Although COVID-19 infection begins as a respiratory tract infection, pathological findings can often occur in many organs and tissues, such as the heart. In the studies conducted, the severe acute respiratory syndrome-coronavirus 2 (SARS-CoV-2) was seen in macrophages, endothelial cells, and pericytes, and in the autopsy series, evidence of viral replication in myocardial cells was obtained.[16] Conditions such as the increased risk of MI, fulminant myocarditis, arrhythmias, venous thromboembolism, and Takotsubo cardiomyopathy are the most common CV complications identified in COVID-19 patients.[17] In addition to direct myocardial damage caused by the virus by binding to the angiotensin-converting enzyme 2 (ACE-2) receptor, which is important for cardiac functions, causing ACE-2 receptor downregulation, the release of inflammatory mediators, endothelial dysfunction, and myocardial damage due to microand macro-thrombi may play a role in the occurrence of these complications.[18-20] Myocardial injury, defined by the increased troponin levels, presented mortality greater than those without myocardial injury, is an independent risk factor for mortality.[15] In our study, the myocardial injury was observed as the independent predictor of mortality (OR=3.30, p<0.001). Arterial and venous thrombosis can be seen in COVID-19.[21] Studies have found that elevated D-dimer increases the risk of mortality.[22] In our study, a significant increase was observed in-hospital mortality risk with elevated D-dimer. Also, age, DM, heart rate, and oxygen saturation were other factors that significantly increased the risk of in-hospital mortality.

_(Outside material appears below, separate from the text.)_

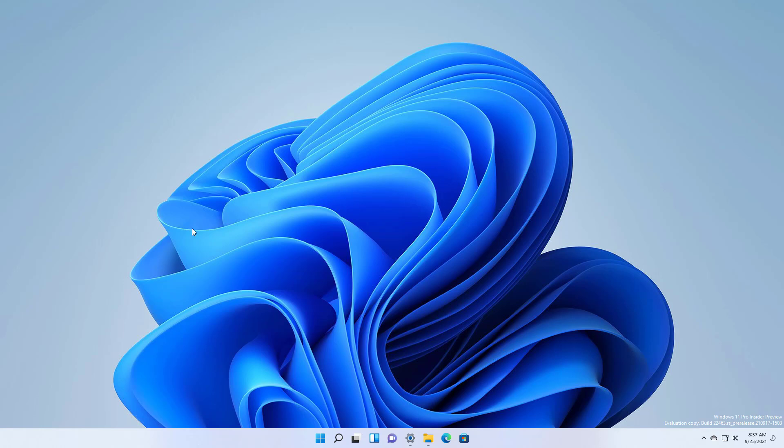First and foremost this flight fixes the alignment of the icons on the taskbar so now they are perfectly aligned in the center. This was driving crazy to most testers including myself but now that's fixed.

Cardiovascular diseases are among the most common comorbidities in patients hospitalized with COVID-19 and are associated with poor outcomes.[2] Heart failure is one of the important causes of morbidity and mortality, particularly in advanced ages. Conditions such as upper respiratory tract infection and pneumonia may cause decompensation in these patient groups.[7,8] It has been observed that COVID-19 infection, which is a respiratory tract infection, also predisposes to decompensation.[9] In a small-scale study comparing the patients hospitalized due to HF with and without COVID-19 infection, mortality was approximately five times higher in those with COVID-19 infection.[23] Again, in a study by Alvarez-Garcia et al.,[14] the effect of HF on in-hospital death in COVID-19 patients was examined and HF increased mortality significantly, regardless of LVEF, and mortality was observed at a rate of approximately 40% in the group with HF. In our study, LVSD (both in the mid-range LVEF and reduced LVEF groups) was found to be an independent predictor of in-hospital mortality, with a 2.6-fold increase in risk with LVSD, and 42% of patients died during in-hospital follow-up. According to the results of our study, the frequency of myocardial injury was observed more in the LVSD group, which is one of the predictors of mortality. The SARS-CoV-2 may predispose to stress cardiomyopathy and cytokine-induced myocardial dysfunction and, as a result, acute decompensation of congestive heart failure may worsen subclinical pre-existing injury in well-compensated patients.[24] The increase in mortality in these patient groups may be due to myocardial damage caused by the direct effect of the virus, inflammatory response, hypoxia, and endothelial dysfunction worsening LV systolic functions and decompensation.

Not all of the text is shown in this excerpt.